Over the past few days I have been to visit the Seoul Museum of Art (small but interesting), a night market at Dongdaemun Stadium (bustling and exciting) and the top of the Bukhansan National Park mountain range (fresh air and great views). I have seen a half dead cockroach outside my room, a baby lizard which sat happily on my hand, a menacing and most probably deadly spider (I chose not to pick him up!), a few Quercus hybrids, and a chipmunk (yay!). Bird life in the city doesn't get much more exciting that pigeons and sparrows. However, tomorrow I am leaving the city to spend a few days on the island of Jeju which should hopefully prove more forthcoming. I am absolutely determined to use my binoculars somewhere!

For those who are interested, I have not eaten any dog yet and nor do I intend to. Contrary to popular belief it is very hard to come by (as is chicken rather bizarrely) and thought of as a rather gruesome to most. We wondered if perhaps it was only eaten in rural areas on special occasions, traditions and what not. There are plenty of vets, pet shops and images of dogs as loving family pets around so up to now my impression is that it is the Vietnamese that are more open about their dog-eating habits than the Koreans. The moral of the story is don't believe all your stereotypes.

Can't get my photos on the site at this hostel but Ryan has some good photos on his website that you can see here.

Wednesday, September 06, 2006

Fun at the park

Today Ryan and I went to Seoul Forest. There were not that many trees there but we had a great time zipping around on a tandem bike that we had hired and playing in the fountains amongst other people with a mental age of 6.

Compare mine and Ryan's differing fountain experience below. Much hilarity!

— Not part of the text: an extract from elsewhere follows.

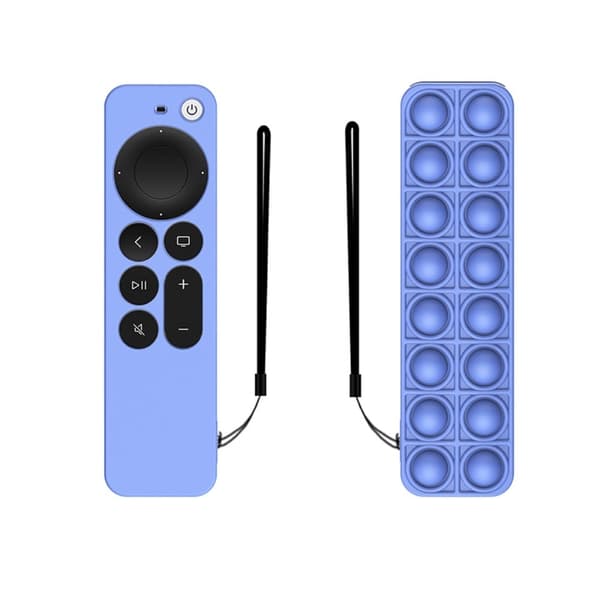 Apple TV 4K (2021) push bubble design silikone cover - Lyselilla Purple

Monday, September 04, 2006

I've only got a little Seoul...

...(name that tune!).

I am now in the capital of South Korea, Seoul. Being the well education blogger readers that you are, I'm sure you all knew the capital of South Korea
and there was no need for me to tell you that. hmmmmm?

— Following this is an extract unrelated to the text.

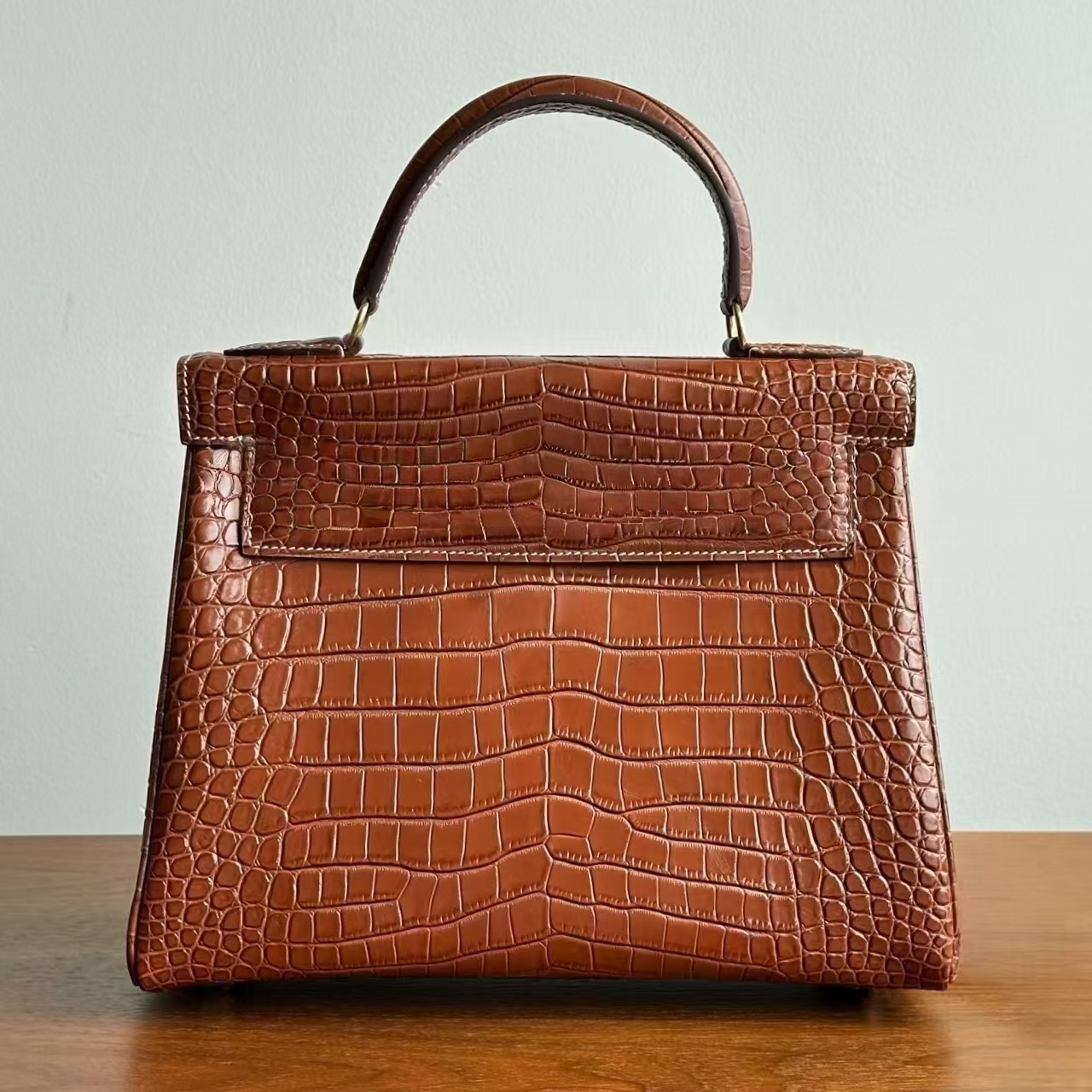 Designer Crocodile Pattern Handbag, Luxury Brand Ky 28cm Women's Crossbody Bag, 7A High Quality Genuine Leather Shoulder Bag, Vintage Style Dai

Anyway, it's certainly nice being back in a sticky and humid climate again. My toes have just about thawed out from that chilly New Zealand
winter time.

South Korea is the wealthiest Asian country I have visited to date. The Seouleans (just made that up!) are fashion conscious and well kitted out with the latest mobile phone/music playing technology. The city is about the size of London
and has a well organised tube and public transport network which I have already been using extensively since arriving two days ago.

English speakers and English translations of shop names, road signs are a rare site here. Instead, Korean characters are used everywhere. Of course, I have no idea of where to begin with these so walking round the city can feel a bit bewildering and isolating. Westerners and tourists in general are hard to come by here too which is always nice. Surprisingly, Koreans don't give a blond European girl strolling round the city by herself a second glance (also nice!).

Ryan lives in a district in the north of the city called Suyu. Unfortunately, he has to teach most days so I am left to my own tourist devices. I must admit I do miss having Mark to chat to and exchange silly thoughts with whilst plodding around. Can't be helped though I suppose.




The Palace of Shining Happiness.


A palace guard that is neither shiney nor happy (what a rip-off!).


My first Korean dinner. On floor. Chopsticks compulsary.